Revestido de significado político, o filme trata as questões relacionadas com o regime iraniano de forma subtil, mas incisiva. Tendo em conta a perseguição constante de que são alvo os artistas no Irão, este é mais um passo na afirmação do cinema iraniano e prova da imensa criatividade, engenho e coragem dos seus autores para exporem os problemas do seu país, chamando a atenção para a censura e falta de liberdade de que são vítimas.
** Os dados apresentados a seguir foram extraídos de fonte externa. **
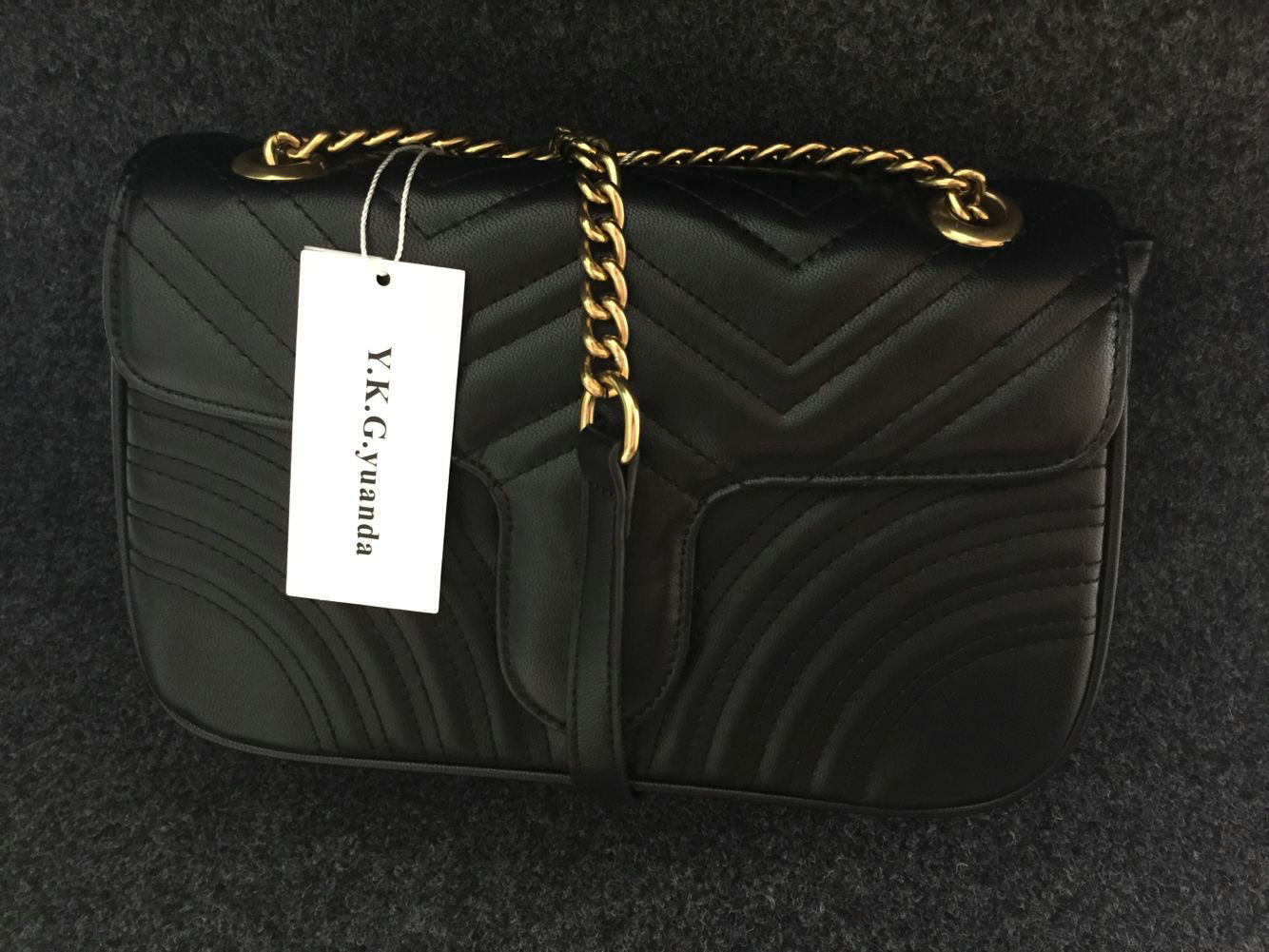 black shoulder bag with gold chain strap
Supostamente inspirado num episódio vivido pela irmã do realizador, que decidiu abandonar o Irão (nesse caso de forma totalmente legal), Panah Panahi avançou para a realização da sua primeira longa-metragem onde conta a história desta suposta fuga. Pautado pela comicidade de alguns momentos e pelas tentativas da mãe de aliviar a tensão existente, em particular no filho mais velho – que explode de irritação ao ver a família tentar fugir ao momento que vive e, quando a mãe lhe diz que um dia ainda se vão rir daquilo, ele não percebe e questiona o que há de engraçado naquela situação – a viagem é marcada pelo “diabrete adorável” que é o filho mais pequeno, que se sente agradecido ao observar a natureza e gosta de beijar a terra declarando: “obrigado, meu Deus, por esta paisagem”. Não percebendo o motivo daquela viagem, torna-se irrequieto e mal comportado e perante a sua insistência, a família acaba por lhe contar que o seu irmão irá temporariamente para fora do país para se casar. No mistério que envolve a personagem do filho mais velho reside a principal tensão do filme que nunca se desvanece. Numa das cenas, percebemos o seu interesse pelo cinema, e respondendo à pergunta da mãe sobre o melhor filme do mundo, acaba por destacar o quão importante é para si 2001: Odisseia no Espaço e toda a sequência da viagem intergaláctica. Estrada Fora agarra-nos pela dose de cumplicidade e conflito existente no trajeto daquela família até à fronteira.
É na estrada, dentro ou fora do jipe, que acontece toda a narrativa do filme, abordagem que já não é nova no cinema iraniano, do qual podemos recordar Taxi (2015), de Jafar Panahi, ou O Sabor da Cereja (1997), de Abbas Kiarostami, onde o mesmo dispositivo acaba por ser útil para uma rodagem discreta, longe da vigilância do regime. Numa entrevista, o realizador refere que não teve medo de represálias, pois o filme não fala nunca diretamente do governo. Se é certo que não o faz diretamente, fica sugerida a dificuldade de sair do país e o enorme desejo de liberdade por parte dos seus habitantes.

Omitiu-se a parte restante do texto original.